August 16, 2019 Derek Jones 5 comments

During a search for data on programming language usage I discovered Stack Overflow Trends, showing an interesting plot of language tags appearing on Stack Overflow questions (see below). Where was the csv file for these numbers? Somebody had asked this question last year, but there were no answers.

Stack Overflow language tag trends over time.

The graphic is in svg format; has anybody written an svg to csv conversion tool? I could only find conversion tools for specialist uses, e.g., geographical data processing. The svg file format is all xml, and using a text editor I could see the numbers I was after. How hard could it be (it had to be easier than a png heatmap)?

Extracting the x/y coordinates of the line segments for each language turned out to be straight forward (after some trial and error). The svg generation process made matching language to line trivial; the language name was included as an xml attribute.

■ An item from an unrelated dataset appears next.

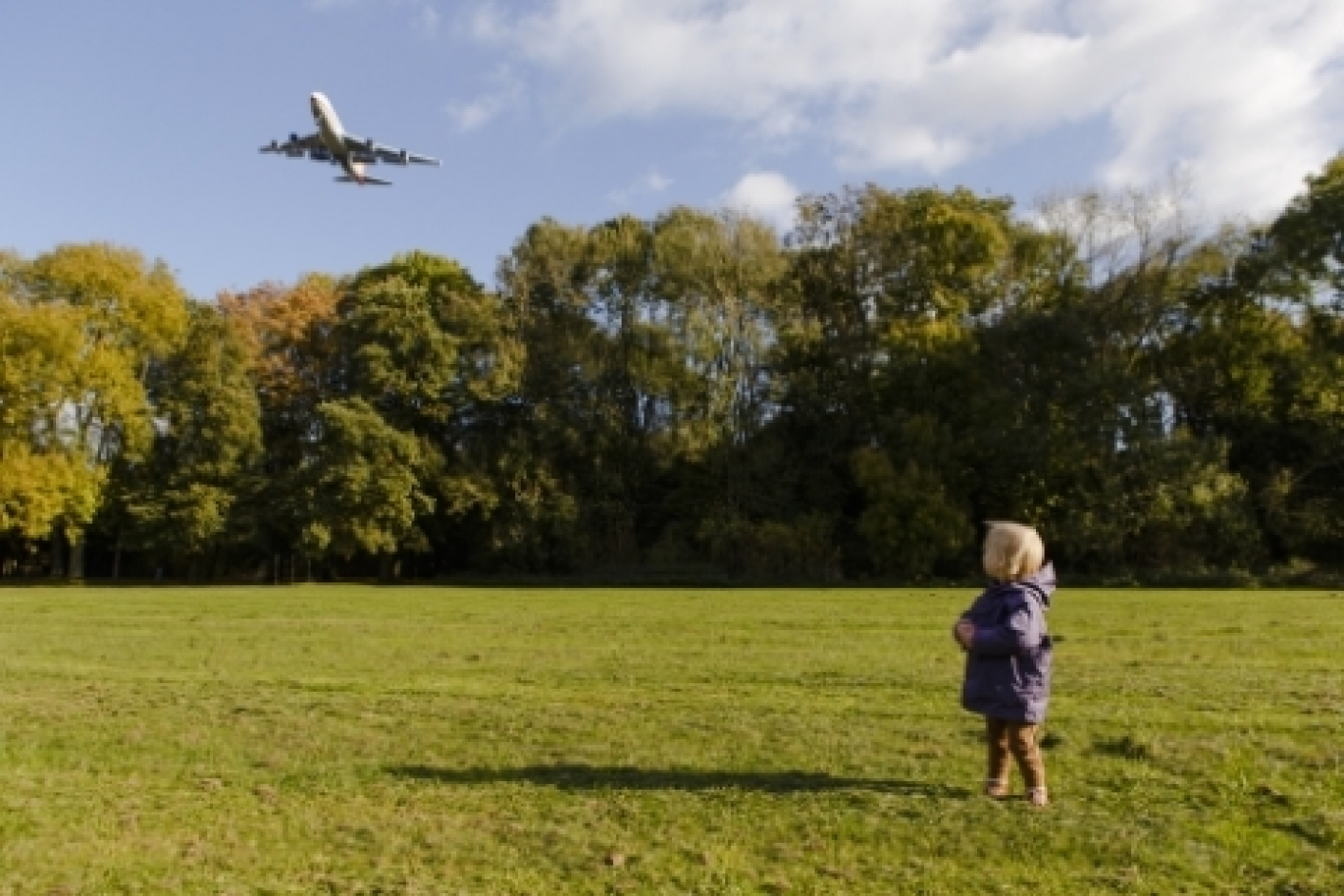 foto van kind in park met overvliegend vlieguig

Programmatically extracting the x/y axis information exhausted my patience, and I hard coded the numbers (code+data). The process involves walking an xml structure and R’s list processing, two pet hates of mine (the data is for a book that uses R, so I try to do everything data related in R).

I used R’s xml2 package to read the svg files. Perhaps if my mind had a better fit to xml and R lists, I would have been able to do everything using just the functions in this package. My aim was always to get far enough down to convert the subtree to a data frame.

Extracting data from graphs represented in svg files is so easy (says he). Where is the wonderful conversion tool that my search failed to locate? Pointers welcome.

Categories: Uncategorized Tags: R, reverse engineer, svg

Extracting the original data from a heatmap image

March 4, 2015 Derek Jones 2 comments

The paper Analysis of the Linux Kernel Evolution Using Code Clone Coverage analysed 136 versions of Linux (from 1.0 to 2.6.18.3) and calculated the amount of source code that was shared, going forward, between each pair of these versions. When I saw the heatmap at the end of the paper (see below) I knew it had to appear in my book. The paper was published in 2007 and I knew from experience that the probability of seven year old data still being available was small, but looked so interesting I had to try. I emailed the authors (Simone Livieri, Yoshiki Higo, Makoto Matsushita and Katsuro Inoue) and received a reply from Makoto Matsushita saying that he had searched for the data and had been able to find the original images created for the paper, which he kindly sent me.

Shared code between Linux releases

I was confident that I could reverse engineer the original values from the png image and that is what I have just done (I have previously reverse engineered the points in a pdf plot by interpreting the pdf commands to figure out relative page locations).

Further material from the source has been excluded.